DATA EXCERPT:
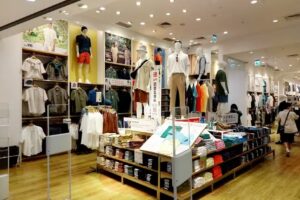 UNIQLO 板橋大遠百店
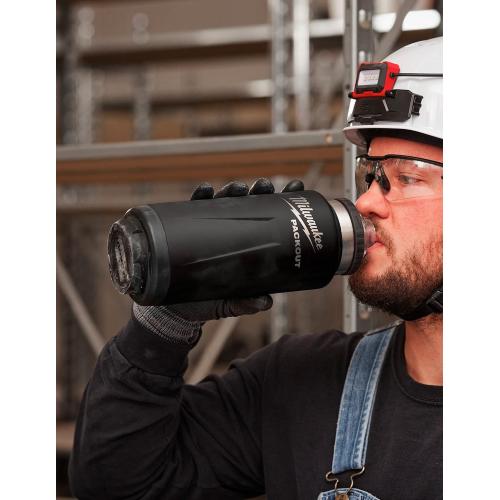 Bottiglia PACKOUT™ 1065 ml Milwaukee Nero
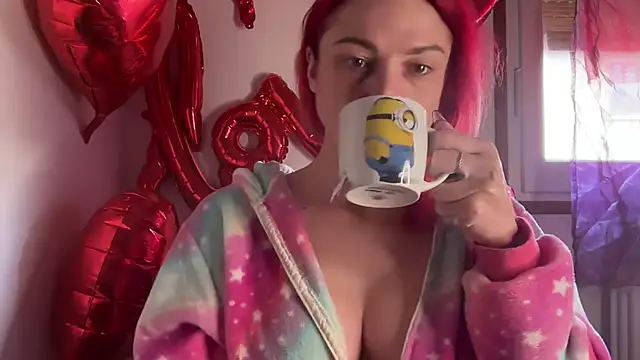 Nikky Divine online show from 23, 2, 2025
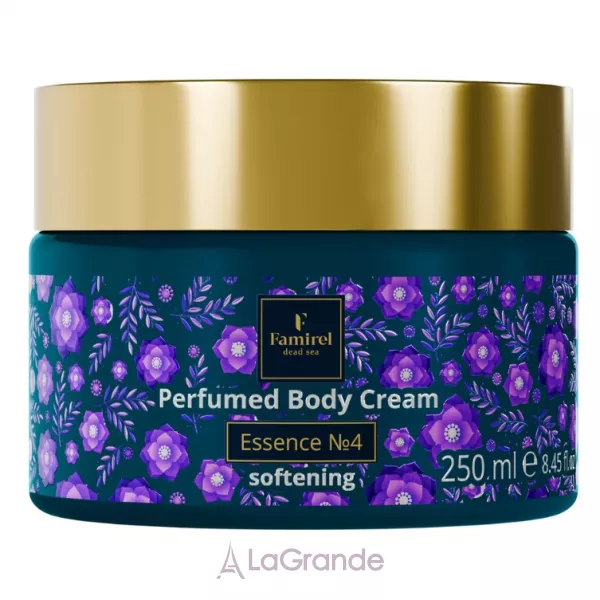 Famirel Perfumed Body Cream Softening Essence � 4 ��������������� ���� ��� ����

WORK REQUIRED: Would you transcribe the whole listing above exactly? The pictures should not be included.

EXERCISE SOLUTION:
 UNIQLO 板橋大遠百店
 Bottiglia PACKOUT™ 1065 ml Milwaukee Nero
 Nikky Divine online show from 23, 2, 2025
 Famirel Perfumed Body Cream Softening Essence � 4 ��������������� ���� ��� ����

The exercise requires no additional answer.